DATA LISTING below:

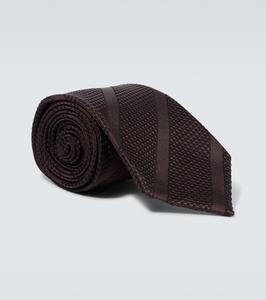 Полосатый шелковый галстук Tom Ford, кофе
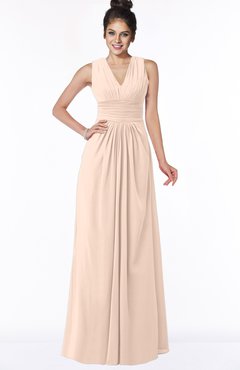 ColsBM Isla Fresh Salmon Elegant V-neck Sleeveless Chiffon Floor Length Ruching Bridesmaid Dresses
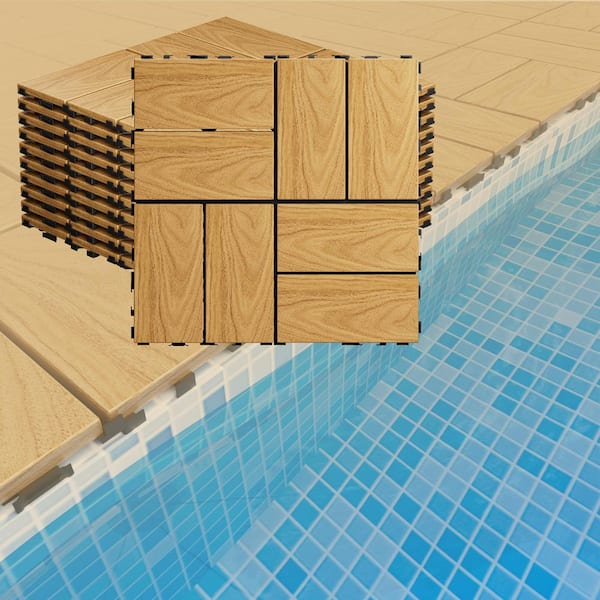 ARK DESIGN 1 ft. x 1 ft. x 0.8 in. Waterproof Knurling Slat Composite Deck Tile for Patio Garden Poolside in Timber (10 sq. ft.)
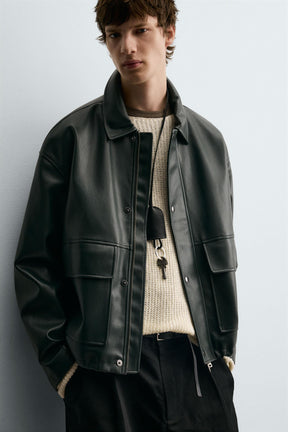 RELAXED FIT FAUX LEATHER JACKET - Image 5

End of DATA LISTING.
DATA LISTING below:

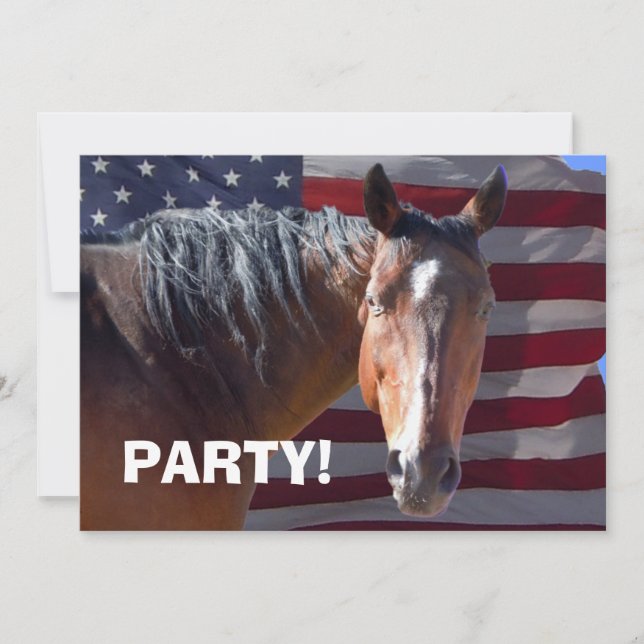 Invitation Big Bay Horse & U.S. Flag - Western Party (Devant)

End of DATA LISTING.
DATA LISTING below:

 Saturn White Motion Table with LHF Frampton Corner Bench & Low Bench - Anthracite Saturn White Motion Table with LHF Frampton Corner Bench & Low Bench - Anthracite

End of DATA LISTING.

→ TASK GOAL
Copy exactly the lines of the listing above between the one holding "Полосатый шелковый галстук Tom Ford, кофе" and the one holding "RELAXED FIT FAUX LEATHER JACKET - Image 5", inclusive; omit all pictures.

→ OUTPUT OF THE EXERCISE
 Полосатый шелковый галстук Tom Ford, кофе
 ColsBM Isla Fresh Salmon Elegant V-neck Sleeveless Chiffon Floor Length Ruching Bridesmaid Dresses
 ARK DESIGN 1 ft. x 1 ft. x 0.8 in. Waterproof Knurling Slat Composite Deck Tile for Patio Garden Poolside in Timber (10 sq. ft.)
 RELAXED FIT FAUX LEATHER JACKET - Image 5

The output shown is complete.